_Problem to solve_
Exactly as written, set down each line of the data below except its pictures.

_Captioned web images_
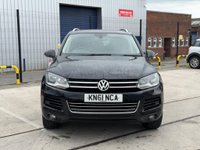 USED 2011 61 VOLKSWAGEN TOUAREG 3.0 TDI V6 BlueMotion Tech SE Tiptronic 4WD Euro 5 (s/s) 5dr SAT NAV! FULL HISTORY! DAB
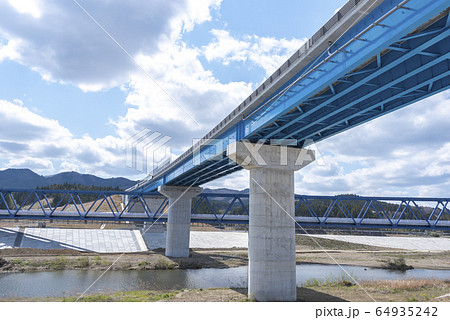 橋 橋梁 インフラ 土木 公共工事 橋 橋梁 インフラ 土木 公共工事 64935242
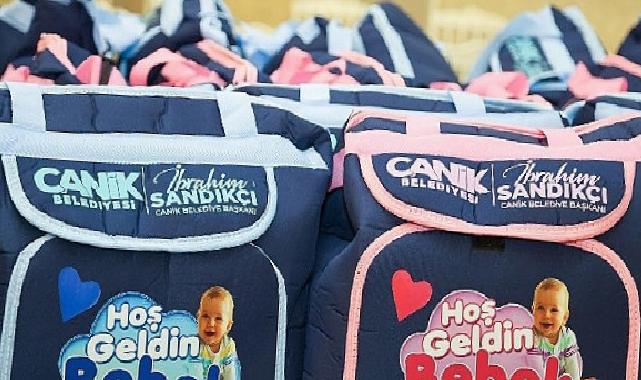 Canik Belediyesi’nden Aile Bütçesine Takviye: Anne Adaylarına Bebek Takviye Paketi 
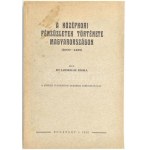 Lederer Emma: A középkori pénzüzletek története Magyarországon (1000-1458). Bp. 1932. (Kovács ny.) 272 l. Fűzve...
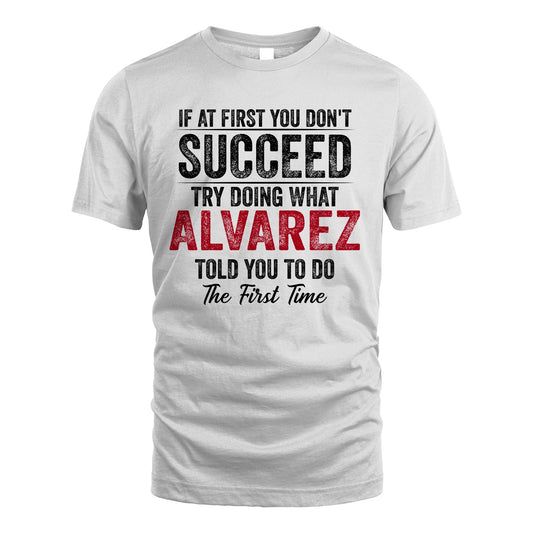 ALVAREZ 13K1-357 If At First You Don't Succeed...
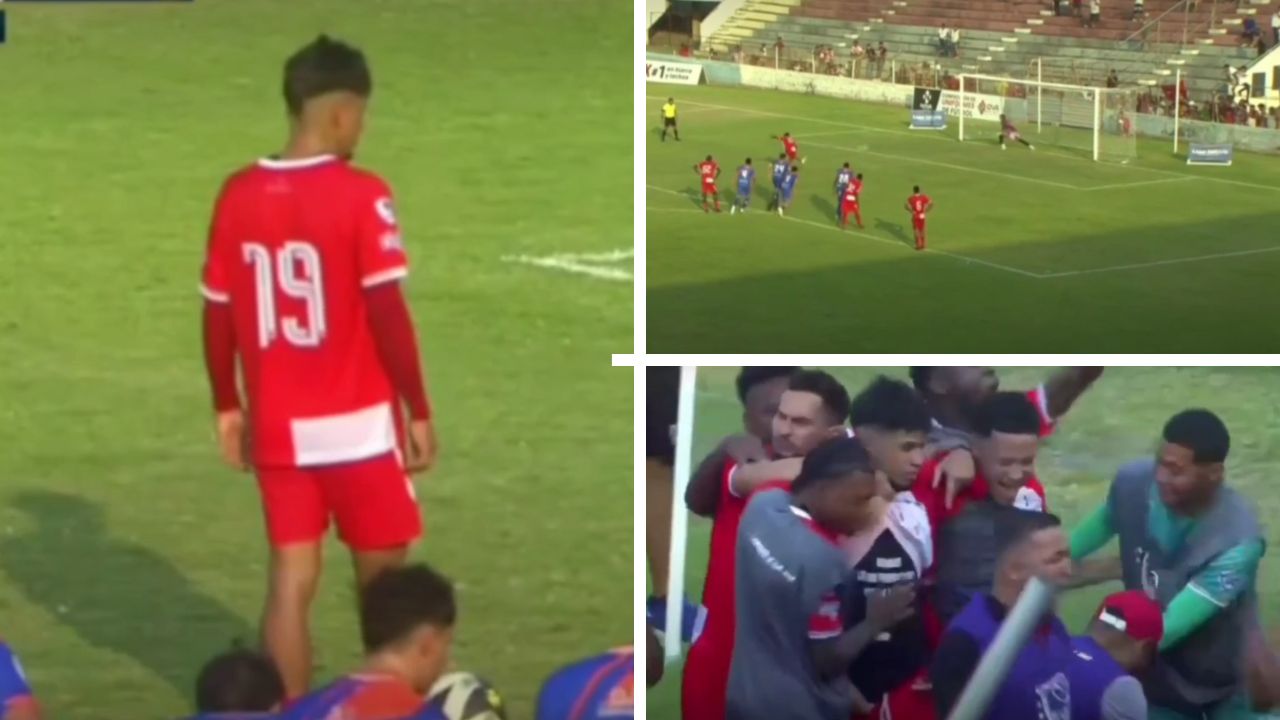 Clever Portillo anota penal decisivo ante Lobos UPNFM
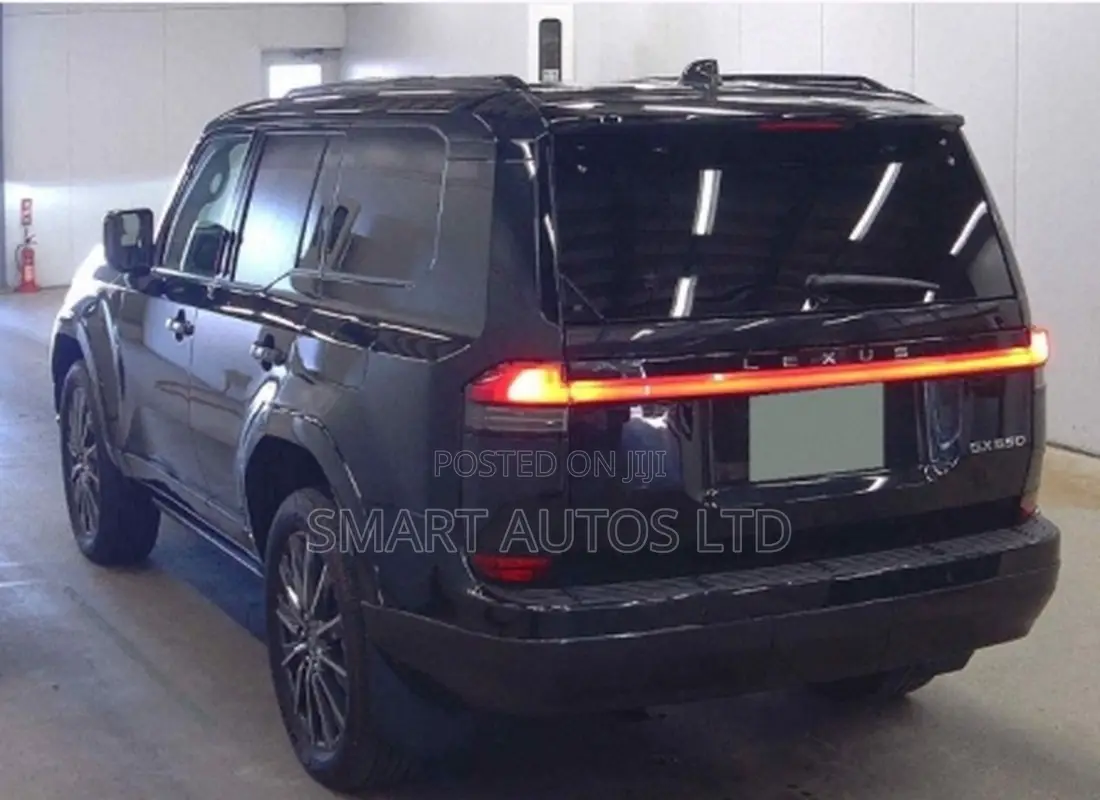 New Lexus GX 2025 Black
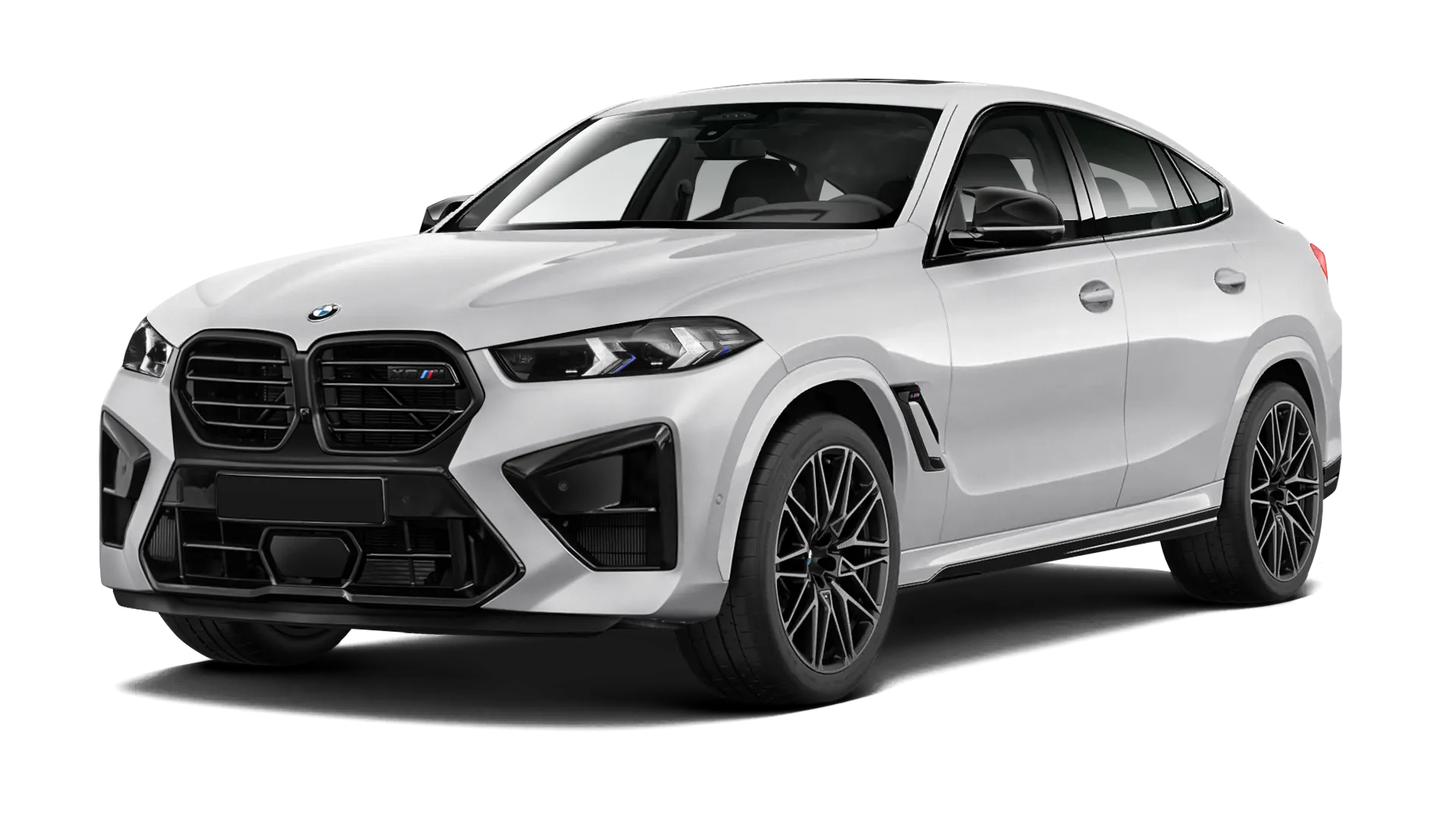 BMW X6M F96 LCI 2023 - 2026 в стоке, цвет Mineral White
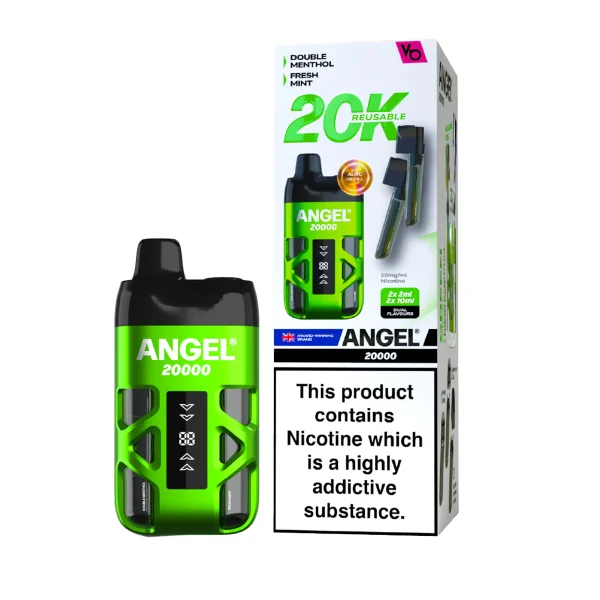 Angel 20000 Dual Pod Kit | 13 Flavours, Vape Kit UK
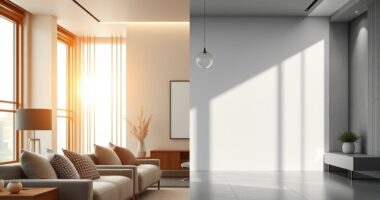 gray color temperature comparison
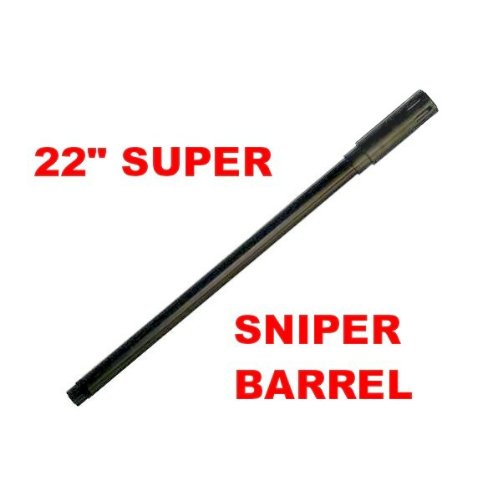 22″ Tippmann A5 X7 2Piece SUPER SNIPER Paintball BARREL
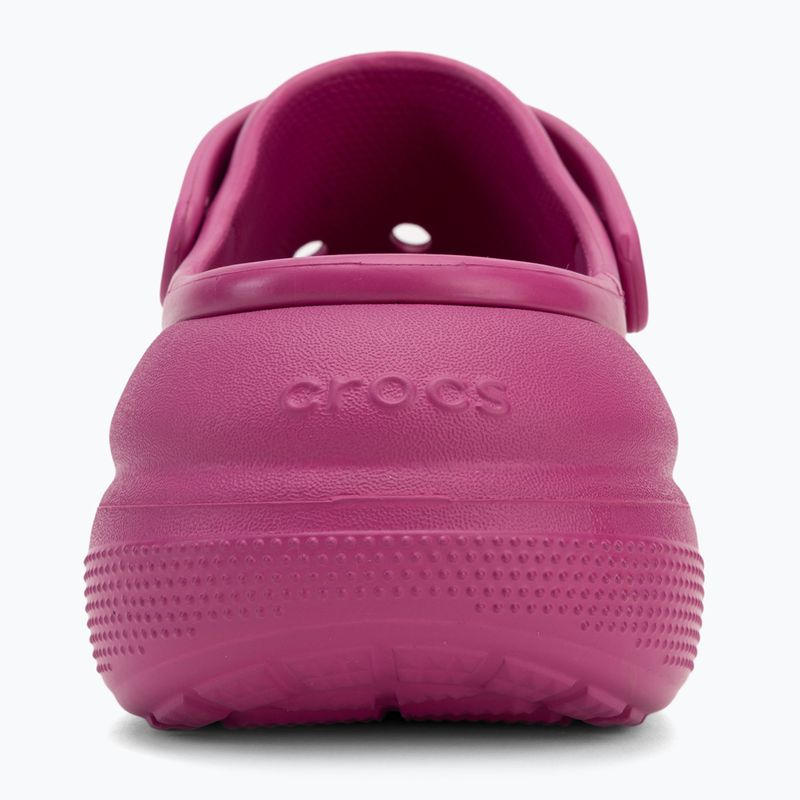 Crocs Classic Crush Clog fukszia szórakoztató flip flopok 7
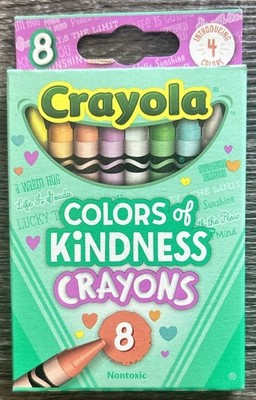 Crayola Crayons Swirl, Kindness, Glitter, Pastel, Uni, Bold, Neon, Cosmic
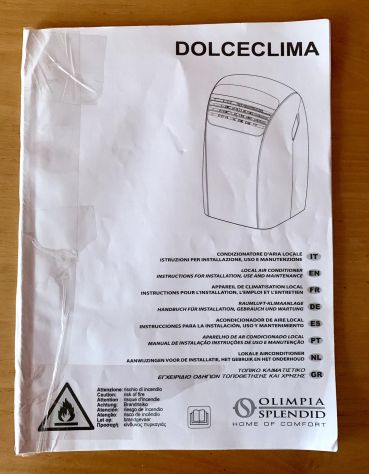 CONDIZIONATORE PORTATILE NUOVO - Foto 4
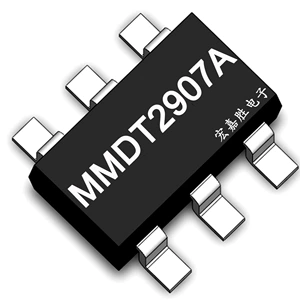 [国产MMDT2907A 丝印K2F SOT-363三极管 国产放大三极管]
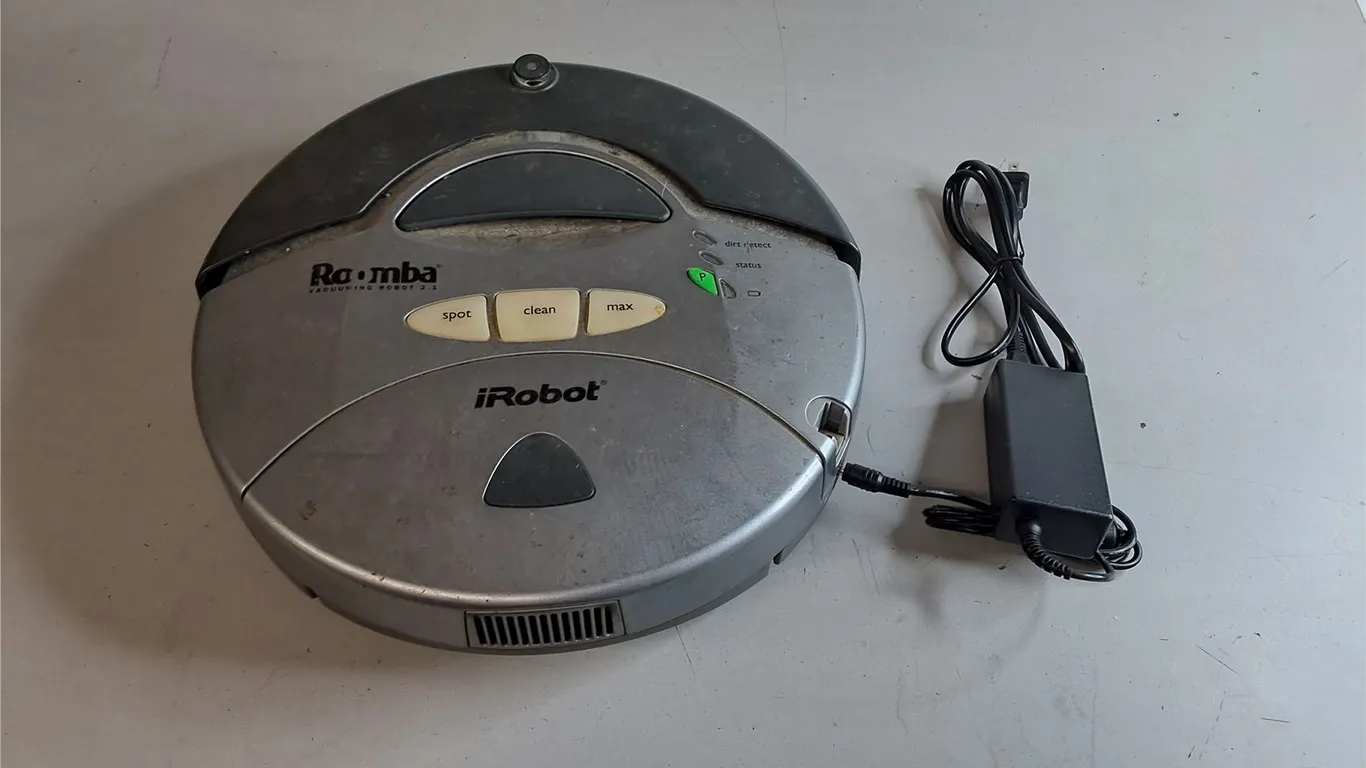 iRobot Vacuum- Take a Charge, As Is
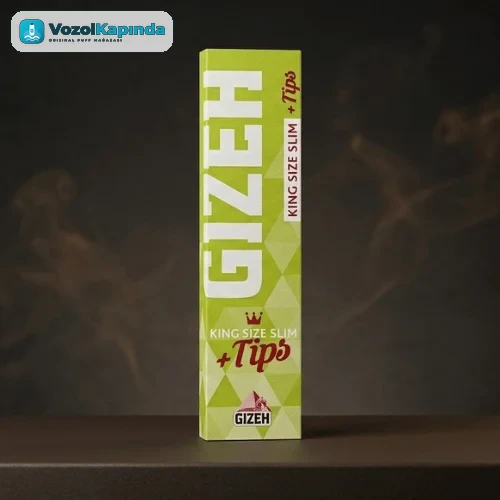 Gizeh King Size Slim Super Fine Sarma Kağıdı + Zıvanalı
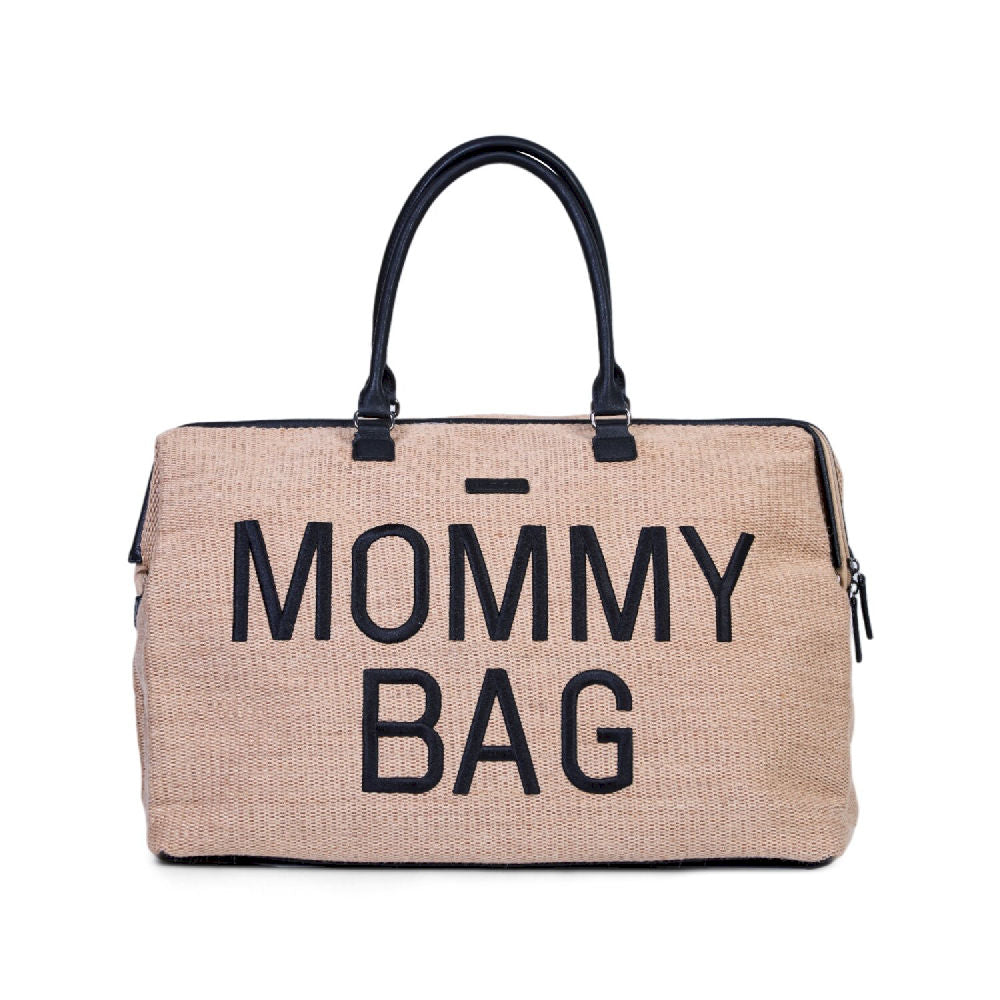 Childhome Torba Mommy Bag® Raffia Look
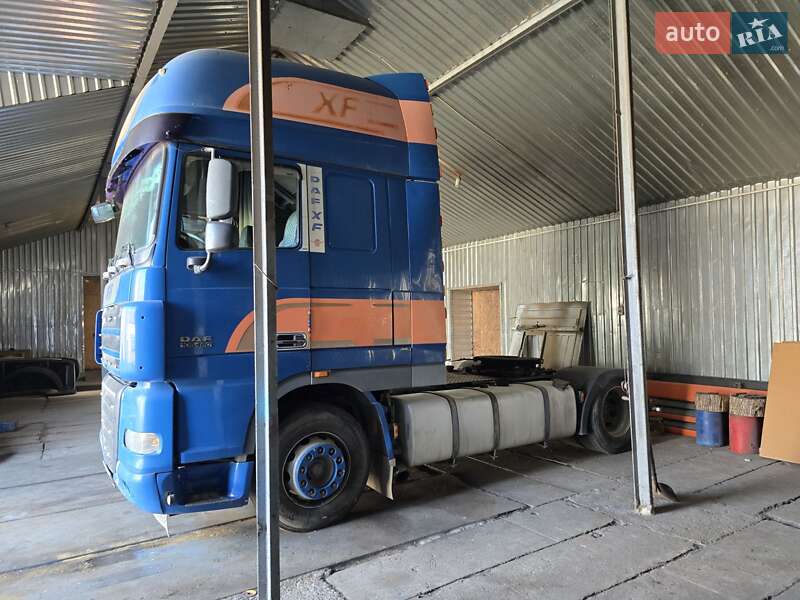 Самоскид DAF XF 105 2007 в Новому Бузі фото 8 Самоскид DAF XF 105 2007 в Новому Бузі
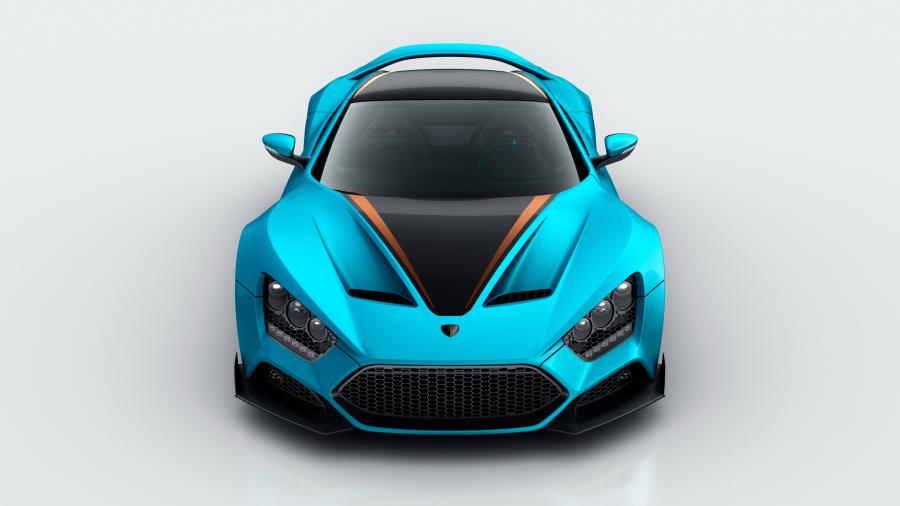  Zenvo ST1 GT 10th Anniversary 2017 года  (фото 5 из 6)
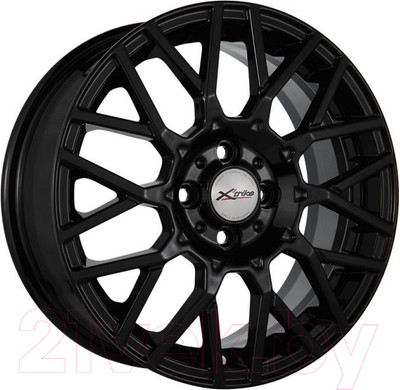Литой диск X'trike X-125 16x6.5" 4x100мм DIA 60.1мм ET 48мм BK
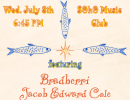 Local Acoustic Night at SOhO Music Club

_Answer space_
 USED 2011 61 VOLKSWAGEN TOUAREG 3.0 TDI V6 BlueMotion Tech SE Tiptronic 4WD Euro 5 (s/s) 5dr SAT NAV! FULL HISTORY! DAB
 橋 橋梁 インフラ 土木 公共工事 橋 橋梁 インフラ 土木 公共工事 64935242
 Canik Belediyesi’nden Aile Bütçesine Takviye: Anne Adaylarına Bebek Takviye Paketi 
 Lederer Emma: A középkori pénzüzletek története Magyarországon (1000-1458). Bp. 1932. (Kovács ny.) 272 l. Fűzve...
 ALVAREZ 13K1-357 If At First You Don't Succeed...
 Clever Portillo anota penal decisivo ante Lobos UPNFM
 New Lexus GX 2025 Black
 BMW X6M F96 LCI 2023 - 2026 в стоке, цвет Mineral White
 Angel 20000 Dual Pod Kit | 13 Flavours, Vape Kit UK
 gray color temperature comparison
 22″ Tippmann A5 X7 2Piece SUPER SNIPER Paintball BARREL
 Crocs Classic Crush Clog fukszia szórakoztató flip flopok 7
 Crayola Crayons Swirl, Kindness, Glitter, Pastel, Uni, Bold, Neon, Cosmic
 CONDIZIONATORE PORTATILE NUOVO - Foto 4
 [国产MMDT2907A 丝印K2F SOT-363三极管 国产放大三极管]
 iRobot Vacuum- Take a Charge, As Is
 Gizeh King Size Slim Super Fine Sarma Kağıdı + Zıvanalı
 Childhome Torba Mommy Bag® Raffia Look
 Самоскид DAF XF 105 2007 в Новому Бузі фото 8 Самоскид DAF XF 105 2007 в Новому Бузі
  Zenvo ST1 GT 10th Anniversary 2017 года  (фото 5 из 6)
Литой диск X'trike X-125 16x6.5" 4x100мм DIA 60.1мм ET 48мм BK
 Local Acoustic Night at SOhO Music Club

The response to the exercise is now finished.